_Assigned task_
The expected answer is every line from the material below that has the word "Game".

⟨

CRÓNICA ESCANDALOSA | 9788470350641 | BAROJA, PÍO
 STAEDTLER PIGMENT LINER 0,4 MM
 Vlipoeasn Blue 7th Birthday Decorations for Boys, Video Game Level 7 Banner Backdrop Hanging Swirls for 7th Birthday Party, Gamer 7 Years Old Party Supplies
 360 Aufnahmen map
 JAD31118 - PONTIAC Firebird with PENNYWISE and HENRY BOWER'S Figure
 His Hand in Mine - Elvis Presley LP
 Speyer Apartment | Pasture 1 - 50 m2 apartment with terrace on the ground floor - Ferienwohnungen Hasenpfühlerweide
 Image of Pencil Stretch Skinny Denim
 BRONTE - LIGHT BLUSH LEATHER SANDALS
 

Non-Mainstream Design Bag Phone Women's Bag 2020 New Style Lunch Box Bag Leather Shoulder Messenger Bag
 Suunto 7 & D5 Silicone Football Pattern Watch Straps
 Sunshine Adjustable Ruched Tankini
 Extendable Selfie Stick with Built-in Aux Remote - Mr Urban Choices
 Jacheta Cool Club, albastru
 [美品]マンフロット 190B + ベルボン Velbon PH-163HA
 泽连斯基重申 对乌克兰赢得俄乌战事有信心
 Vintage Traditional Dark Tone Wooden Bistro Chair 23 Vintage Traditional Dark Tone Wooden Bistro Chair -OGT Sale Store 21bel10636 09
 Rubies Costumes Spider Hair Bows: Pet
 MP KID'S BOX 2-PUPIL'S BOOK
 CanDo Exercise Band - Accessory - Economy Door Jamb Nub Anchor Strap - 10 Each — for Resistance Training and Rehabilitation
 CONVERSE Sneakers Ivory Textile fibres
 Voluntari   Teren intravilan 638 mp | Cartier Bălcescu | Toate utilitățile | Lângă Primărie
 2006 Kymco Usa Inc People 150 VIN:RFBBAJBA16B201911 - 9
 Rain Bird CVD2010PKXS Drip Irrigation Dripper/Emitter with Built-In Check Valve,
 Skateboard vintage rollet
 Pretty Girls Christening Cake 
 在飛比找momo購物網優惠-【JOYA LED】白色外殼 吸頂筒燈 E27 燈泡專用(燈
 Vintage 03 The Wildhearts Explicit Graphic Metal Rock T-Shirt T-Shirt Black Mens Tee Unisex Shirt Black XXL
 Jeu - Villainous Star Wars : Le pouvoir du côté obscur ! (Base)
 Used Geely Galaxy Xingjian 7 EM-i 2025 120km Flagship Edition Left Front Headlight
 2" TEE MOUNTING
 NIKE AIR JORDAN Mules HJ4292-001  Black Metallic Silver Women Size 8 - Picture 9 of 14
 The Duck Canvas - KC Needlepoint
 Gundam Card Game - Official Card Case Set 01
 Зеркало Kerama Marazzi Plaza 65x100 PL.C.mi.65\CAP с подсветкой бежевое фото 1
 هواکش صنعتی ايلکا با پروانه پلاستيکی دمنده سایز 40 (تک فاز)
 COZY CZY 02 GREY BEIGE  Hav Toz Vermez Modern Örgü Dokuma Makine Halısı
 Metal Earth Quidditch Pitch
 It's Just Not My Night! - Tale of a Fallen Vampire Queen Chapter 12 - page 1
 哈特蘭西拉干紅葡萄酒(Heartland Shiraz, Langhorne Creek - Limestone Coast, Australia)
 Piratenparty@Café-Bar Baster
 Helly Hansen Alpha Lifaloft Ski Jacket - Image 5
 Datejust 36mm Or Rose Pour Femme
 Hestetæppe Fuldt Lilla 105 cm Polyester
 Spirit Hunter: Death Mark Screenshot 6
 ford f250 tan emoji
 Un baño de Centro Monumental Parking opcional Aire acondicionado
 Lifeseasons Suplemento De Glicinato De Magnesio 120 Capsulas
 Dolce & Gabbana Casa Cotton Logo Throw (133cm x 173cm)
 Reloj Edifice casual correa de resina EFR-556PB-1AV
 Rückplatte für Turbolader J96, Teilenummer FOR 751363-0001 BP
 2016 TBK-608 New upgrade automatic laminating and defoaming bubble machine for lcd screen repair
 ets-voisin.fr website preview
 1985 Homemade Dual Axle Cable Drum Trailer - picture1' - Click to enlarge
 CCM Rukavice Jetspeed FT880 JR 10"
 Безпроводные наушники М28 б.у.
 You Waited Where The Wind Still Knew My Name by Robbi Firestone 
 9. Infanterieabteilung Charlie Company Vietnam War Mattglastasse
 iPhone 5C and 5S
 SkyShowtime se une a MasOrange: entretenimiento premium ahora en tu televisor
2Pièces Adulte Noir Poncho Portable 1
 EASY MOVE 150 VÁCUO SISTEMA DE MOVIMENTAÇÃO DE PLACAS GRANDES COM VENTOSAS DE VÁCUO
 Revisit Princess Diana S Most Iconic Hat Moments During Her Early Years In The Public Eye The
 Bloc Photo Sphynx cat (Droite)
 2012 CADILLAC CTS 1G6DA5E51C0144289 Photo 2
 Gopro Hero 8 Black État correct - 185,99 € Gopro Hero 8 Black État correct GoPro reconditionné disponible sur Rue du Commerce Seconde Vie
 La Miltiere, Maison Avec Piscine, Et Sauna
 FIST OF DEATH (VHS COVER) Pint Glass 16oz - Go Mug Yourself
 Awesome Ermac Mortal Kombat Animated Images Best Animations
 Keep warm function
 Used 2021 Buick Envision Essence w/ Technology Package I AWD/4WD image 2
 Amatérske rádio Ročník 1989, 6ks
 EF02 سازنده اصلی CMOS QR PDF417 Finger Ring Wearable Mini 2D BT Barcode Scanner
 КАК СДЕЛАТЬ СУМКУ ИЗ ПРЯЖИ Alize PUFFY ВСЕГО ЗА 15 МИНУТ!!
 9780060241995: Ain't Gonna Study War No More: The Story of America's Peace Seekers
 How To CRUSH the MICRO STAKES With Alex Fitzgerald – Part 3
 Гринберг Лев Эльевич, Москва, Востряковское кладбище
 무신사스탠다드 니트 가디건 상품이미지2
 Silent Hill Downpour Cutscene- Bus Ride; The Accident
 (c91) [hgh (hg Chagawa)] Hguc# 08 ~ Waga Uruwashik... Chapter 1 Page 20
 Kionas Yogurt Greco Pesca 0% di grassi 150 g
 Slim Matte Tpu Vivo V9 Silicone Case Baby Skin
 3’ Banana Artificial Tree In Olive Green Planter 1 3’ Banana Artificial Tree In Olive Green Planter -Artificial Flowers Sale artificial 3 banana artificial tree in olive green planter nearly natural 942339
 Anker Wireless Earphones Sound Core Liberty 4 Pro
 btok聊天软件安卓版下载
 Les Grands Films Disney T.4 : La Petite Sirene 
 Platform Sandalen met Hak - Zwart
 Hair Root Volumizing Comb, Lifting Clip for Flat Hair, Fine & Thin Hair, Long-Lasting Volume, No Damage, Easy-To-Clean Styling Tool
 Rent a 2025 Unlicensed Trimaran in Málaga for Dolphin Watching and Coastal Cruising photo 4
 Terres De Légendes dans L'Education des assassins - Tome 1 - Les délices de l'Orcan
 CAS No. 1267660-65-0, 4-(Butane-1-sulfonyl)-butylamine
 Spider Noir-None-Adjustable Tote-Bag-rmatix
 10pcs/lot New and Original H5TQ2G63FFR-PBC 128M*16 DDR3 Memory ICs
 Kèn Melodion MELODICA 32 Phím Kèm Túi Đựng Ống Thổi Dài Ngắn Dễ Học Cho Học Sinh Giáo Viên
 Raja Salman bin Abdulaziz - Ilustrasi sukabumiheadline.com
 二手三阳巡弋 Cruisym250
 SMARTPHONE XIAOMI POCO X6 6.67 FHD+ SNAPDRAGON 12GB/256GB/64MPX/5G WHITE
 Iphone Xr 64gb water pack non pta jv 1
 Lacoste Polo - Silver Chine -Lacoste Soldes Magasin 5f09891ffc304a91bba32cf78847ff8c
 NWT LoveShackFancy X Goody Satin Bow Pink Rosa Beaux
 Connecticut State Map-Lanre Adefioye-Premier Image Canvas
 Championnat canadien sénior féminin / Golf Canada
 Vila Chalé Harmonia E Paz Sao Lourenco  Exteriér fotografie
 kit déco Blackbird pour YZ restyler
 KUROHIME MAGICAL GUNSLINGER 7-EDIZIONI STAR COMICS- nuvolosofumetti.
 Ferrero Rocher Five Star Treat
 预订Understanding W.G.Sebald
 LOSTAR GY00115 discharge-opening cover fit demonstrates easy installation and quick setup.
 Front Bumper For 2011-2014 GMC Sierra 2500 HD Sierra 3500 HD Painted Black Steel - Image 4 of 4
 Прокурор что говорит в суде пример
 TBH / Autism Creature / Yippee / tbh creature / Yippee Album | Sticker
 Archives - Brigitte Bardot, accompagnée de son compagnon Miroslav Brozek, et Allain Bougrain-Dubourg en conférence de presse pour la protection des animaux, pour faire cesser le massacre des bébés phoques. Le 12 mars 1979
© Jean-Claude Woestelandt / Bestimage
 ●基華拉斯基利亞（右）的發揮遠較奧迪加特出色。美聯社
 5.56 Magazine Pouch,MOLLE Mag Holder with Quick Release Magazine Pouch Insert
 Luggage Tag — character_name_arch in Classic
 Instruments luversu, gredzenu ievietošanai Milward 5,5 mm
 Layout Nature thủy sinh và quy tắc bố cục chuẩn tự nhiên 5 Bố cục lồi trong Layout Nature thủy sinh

⟩

_Response_
 Vlipoeasn Blue 7th Birthday Decorations for Boys, Video Game Level 7 Banner Backdrop Hanging Swirls for 7th Birthday Party, Gamer 7 Years Old Party Supplies
 Gundam Card Game - Official Card Case Set 01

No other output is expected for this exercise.